Mortgage for a vacation home

Vacations properties are all the rage these days. Some want to pack up their families and escape winter on a warm beach, while others embrace the snow and head off to the mountains with friends. Whatever your preference, it’s smart to line up your vacation home financing before you start shopping. Here’s what you need to know.

You’ll need a bigger down payment

You may have put just five percent down when you bought your primary home, but (ouch!) you’ll need to come up with at least ten for a vacation home. If your application isn’t rock solid – good enough to meet the demands of uber-picky mortgage insurers – plan on making at least a 20 percent down payment.

Short on cash? You are not alone! According to the National Association of Realtors, about 20 percent of buyers get their vacation home down payments from home equity loans against their primary residences. If you have the equity, this might be a good solution for you.

What about government mortgages? Sorry, Uncle Sam has little interest in helping you snag your getaway condo. Unless you assume someone else’s government-backed home loan, you won’t be able to finance a vacation home this way – government mortgages are reserved almost exclusively for primary homes.

Qualifying is slightly more difficult

Vacation property loans are riskier to mortgage lenders than primary home mortgages, but not much riskier.

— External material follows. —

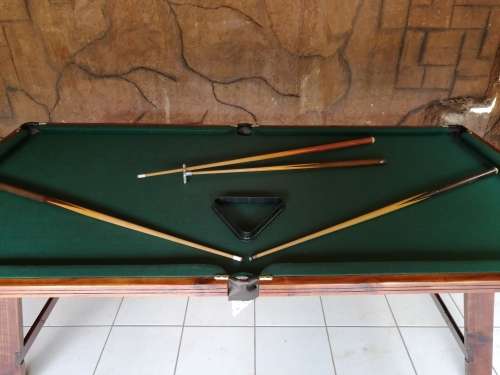 Beautiful, large, old fold up snooker table.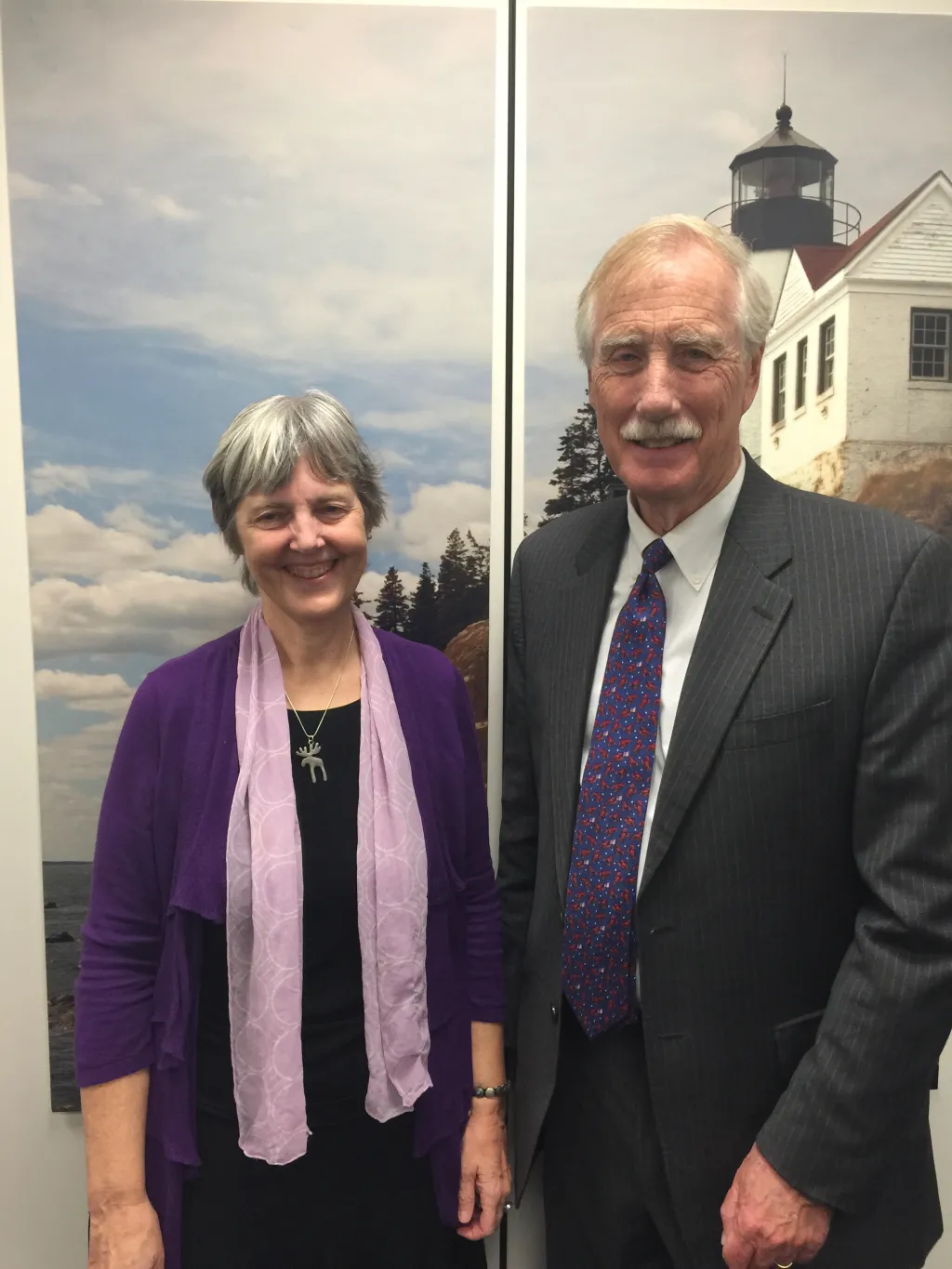 Kim Humphrey and Senator Angus King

You should be able to shop pretty aggressively for a good mortgage rate.


Don’t spent your last cent on your new place — well-qualified applicants need at least two months of reserves (money available to make the mortgage payment if there is an income stoppage), and less-qualified applicants need at least six months of reserves.


Credit score requirements are typically slightly higher for second homes than for primary homes – for example, Fannie Mae sets its minimum FICO at 620 for primary home purchase loans with at least 25 percent down and 640 for vacation homes with down payments of 25 percent or more.


Debt-to-income (DTI) requirements are generally the same for second homes as for primary residences. Unlike investment property, vacation homes have no rental income to offset the mortgage payment. You have to qualify with your own income. If you wish to purchase a multi-unit vacation home, it will be treated as investment property, whether or not you plan to rent it out.

You can buy with friends or family

It’s very common for several families to buy vacation homes together. This can make it easier to come up with a down payment and to qualify for the mortgage. You also lower your other costs – utilities, maintenance and repairs — by sharing them with others.

Before purchasing a vacation home with friends or family, set up your house rules, determine how expenses will be met, and create an agreement for the resale of your shares in the home – you may want a right of first refusal or even be able to reject a purchaser for good reasons. You may need to refinance the home to complete the sale, so address that possibility ahead of time.

Shop carefully

Don’t let the laid-back atmosphere of a vacation destination affect your decision-making! If you don’t put the margarita down and pick up a few mortgage quotes for your beach house mortgage, you’re probably leaving money on the table. Most people don’t have the cash to buy their vacation homes outright. By shopping carefully for your home and your loan, you can make your purchase a success and be enjoying your property for years or even generations to come.